Under this model, the stage of maturity (i.e., initial, implementation in process, fully functional) is assessed in the following areas:
- Adequacy and effectiveness: demonstration of established processes and procedures with clarity of roles and responsibilities for managing key functions, addressing significant risks, and achieving performance requirements across operations
- Consistency: demonstration that established processes and procedures are fully applied and used across all applicable parts of the organization to achieve performance requirements
- Sustainability: demonstration of an established and ongoing method of review of performance indicators, processes, procedures, and practices in-place for the purpose of identifying and implementing measures to achieve continuing improvement of performance
This approach relies heavily on operational validation and seeking objective evidence of implementation maturity by performing functional and field observations and interviews across a representative sample of operations, including contractors.
Cultural Component
Performance within an organization is the combined result of culture, operational systems/controls, and human performance. Culture involves leadership, shared beliefs, expectations, attitudes, and policy about the desired behavior within a specific company. To some degree, culture alone can drive performance. However, without operational systems and controls, the effects of culture are limited and ultimately will not be sustained. Similarly, operational systems/controls (e.g., management processes, systems, and procedures) can improve performance, but these effects also are limited without the reinforcement of a strong culture. A robust culture with employee engagement, an effective management system, and appropriate and consistent human performance are equally critical.
A culture assessment incorporates an assessment of culture and program implementation status by performing interviews and surveys up, down, and across a representative sample of the company’s operations. Observations of company operations (field/facility/functional) should be done to verify and validate.
A culture assessment should evaluate key attributes of successful programs, including:
- Leadership
- Vision & Values
- Goals, Policies & Initiatives
- Organization & Structure
- Employee Engagement, Behaviors & Communications
- Resource Allocation & Performance Management
- Systems, Standards & Processes
- Metrics & Reporting
- Continually Learning Organization
- Audits & Assurance
Assessment and Evaluation
Data from document review, interviews, surveys, and field observations are then aggregated, analyzed, and evaluated. Identifying program gaps and issues enables a comparison of what must be improved or developed/added to what already exists. This information is often organized into the following categories:
- Policy and strategy refinements
- Process and procedure improvements
- Organizational and resource requirements
- Information for decision making
- Systems and data requirements
- Culture enhancement and development
From this information, it becomes possible to identify recommendations for program improvements.
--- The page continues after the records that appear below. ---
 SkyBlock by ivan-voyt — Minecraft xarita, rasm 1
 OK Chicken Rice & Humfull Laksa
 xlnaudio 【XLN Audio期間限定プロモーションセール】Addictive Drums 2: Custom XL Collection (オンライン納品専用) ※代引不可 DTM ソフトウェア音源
These recommendations should be integrated into a strategic action plan that outlines the long-term program vision, proposed activities, project sequencing, and milestones. The highest priority actions should be identified and planned to establish a foundation for continual improvement, and allow for a more proactive means of managing risks and program performance.
Audit Program Best Practices: Part 2
Audits provide an essential tool for improving and verifying compliance performance. As discussed in Part 1, there are a number of audit program elements and best practices that can help ensure a comprehensive audit program. Here are 12 more tips to put to use:
- Action item closure. Address repeat findings. Identify patterns and seek root cause analysis and sustainable corrections.
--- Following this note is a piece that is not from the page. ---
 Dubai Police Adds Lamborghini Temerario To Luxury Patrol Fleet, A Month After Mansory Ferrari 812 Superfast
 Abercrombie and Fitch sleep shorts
- Training. Training should be done throughout the entire organization, across all levels:
- Auditors are trained on both technical matters and program procedures.
- Management is trained on the overall program design, purpose, business impacts of findings, responsibilities, corrections, and improvements.
- Line operations are trained on compliance procedures and company policy/systems.
- Communications. Communications with management should be done routinely to discuss status, needs, performance, program improvements, and business impacts. Communications should be done in business language—with business impacts defined in terms of risks, costs, savings, avoided costs/capital expenditures, benefits. Those accountable for performance need to be provided information as close to “real time” as possible, and the Board of Directors should be informed routinely.
- Leadership philosophy. Senior management should exhibit top-down expectations for program excellence. EHSMS quality excellence goes hand-in-hand with operational and service quality excellence. Learning and continual improvement should be emphasized.
- Roles & responsibilities. Clear roles, responsibilities, and accountabilities need to be established. This includes top management understanding and embracing their roles/responsibilities. Owners of findings/fixes also must be clearly identified.
- Funding for corrective actions. Funding should be allocated to projects based on significance of risk exposure (i.e., systemic/preventive actions receive high priority). The process should incentivize proactive planning and expeditious resolution of significant problem areas and penalize recurrence or back-sliding on performance and lack of timely fixes.
- Performance measurement system. Audit goals and objectives should be nested with the company business goals, key performance objectives, and values. A balanced scorecard can display leading and lagging indicators. Metrics should be quantitative, indicative (not all-inclusive), and tied to their ability to influence. Performance measurements should be communicated and widely understood. Information from auditing (e.g., findings, patterns, trends, comparisons) and the status of corrective actions often are reported on compliance dashboards for management review.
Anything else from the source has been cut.